● **REQUIREMENT**:
Set down every line of the data exactly, skipping the pictures.

DATA section start

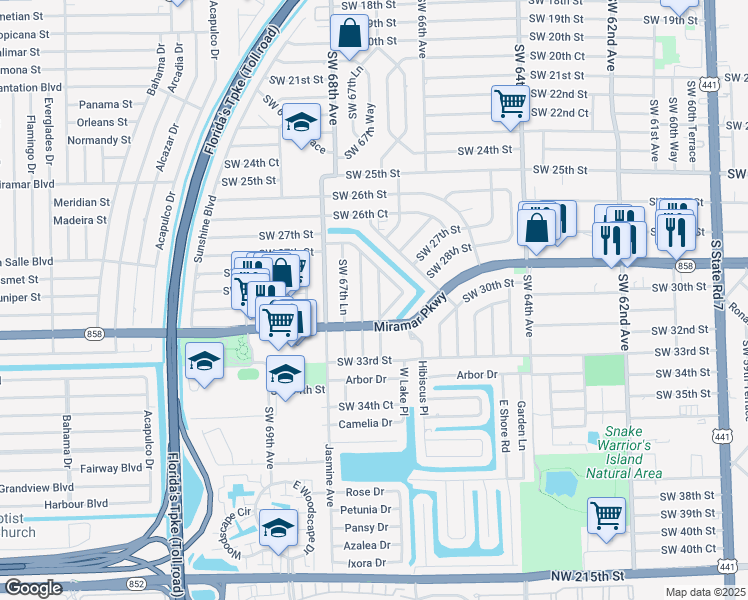map of restaurants, bars, coffee shops, grocery stores, and more near 3014 Southwest 67th Terrace in Miramar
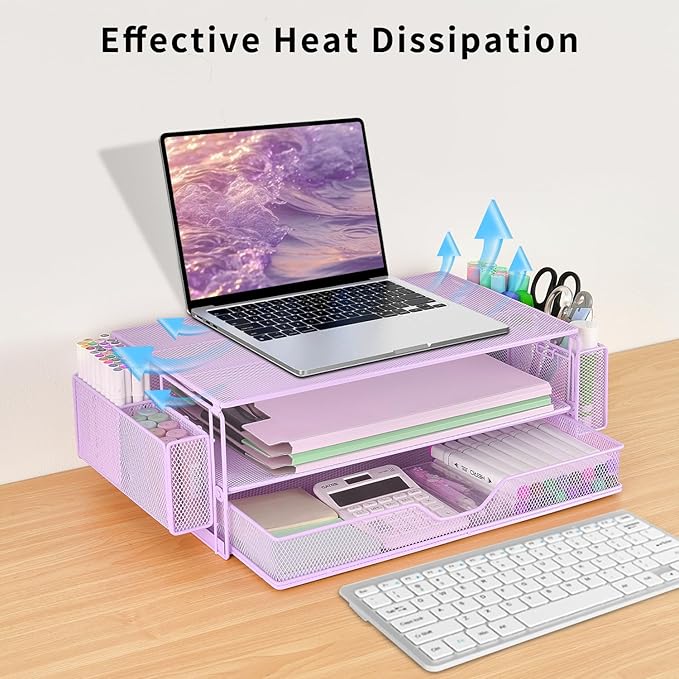 AUPSEN Computer Monitor Stands Riserï¼?-Tier Desk Organizers and Accessories, Office Desk Accessories Organizer with Drawers and 2 Pen Holder for Office Supplies (Purple)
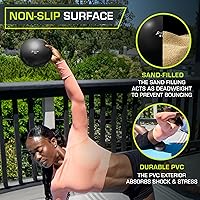 Vista 3 de ProsourceFit Weighted Toning Exercise Balls for Pilates, Yoga, Strength Training and Physical Therapy, 2 lb to 8 lb, Color Coded Negro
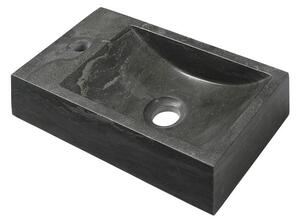 Černé kamenné umývátko 40x22 cm Blok – Sapho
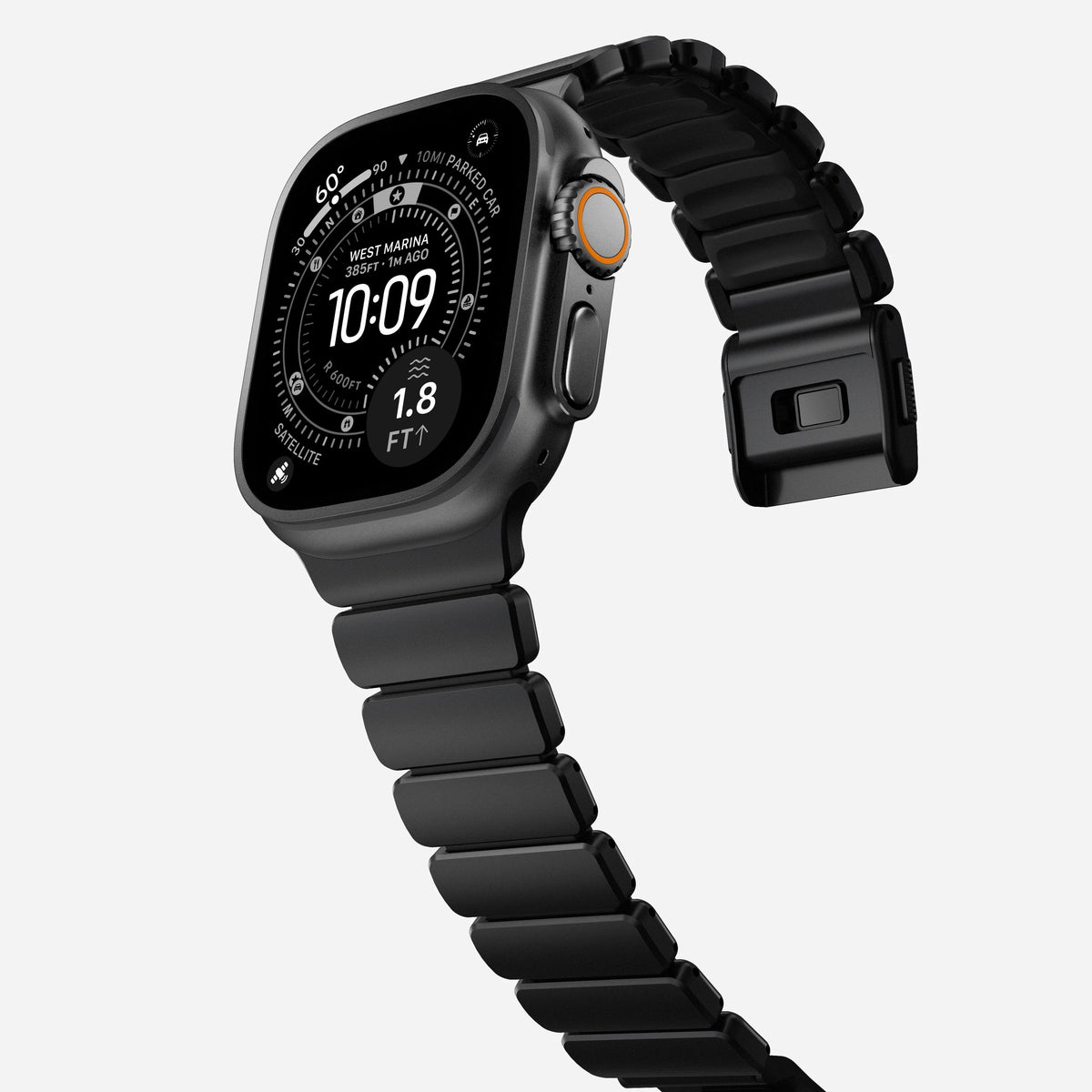 Nomad Stratos Titanium Apple Watch Ultra 1 - 3 / 42-49mm / Series 1-11 & SE - Black / Black - Mac Addict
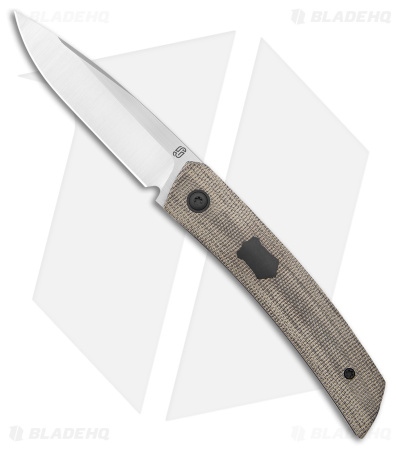 Jared Oeser F-22 Kickstop Flipper Knife Green Micarta Black HW (3.4" Satin)
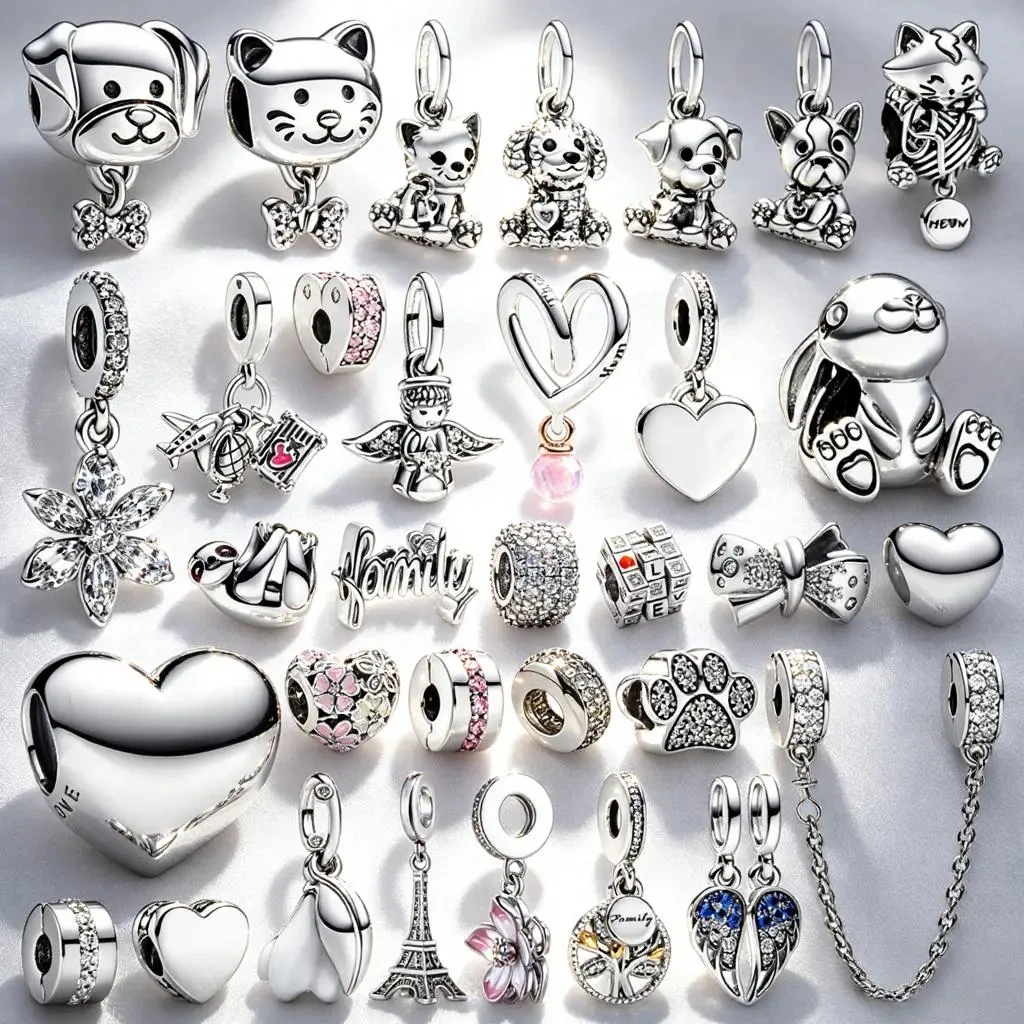 Hot Sale Charms Sparkling Rose in Bloom Oversized Rabbit Heart Bow Beads Fit Original 925 Silver Snake Bracelet DIY Jewelry Gift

DATA section end

● **EXERCISE ANSWER**:
map of restaurants, bars, coffee shops, grocery stores, and more near 3014 Southwest 67th Terrace in Miramar
 AUPSEN Computer Monitor Stands Riserï¼?-Tier Desk Organizers and Accessories, Office Desk Accessories Organizer with Drawers and 2 Pen Holder for Office Supplies (Purple)
 Vista 3 de ProsourceFit Weighted Toning Exercise Balls for Pilates, Yoga, Strength Training and Physical Therapy, 2 lb to 8 lb, Color Coded Negro
 Černé kamenné umývátko 40x22 cm Blok – Sapho
 Nomad Stratos Titanium Apple Watch Ultra 1 - 3 / 42-49mm / Series 1-11 & SE - Black / Black - Mac Addict
 Jared Oeser F-22 Kickstop Flipper Knife Green Micarta Black HW (3.4" Satin)
 Hot Sale Charms Sparkling Rose in Bloom Oversized Rabbit Heart Bow Beads Fit Original 925 Silver Snake Bracelet DIY Jewelry Gift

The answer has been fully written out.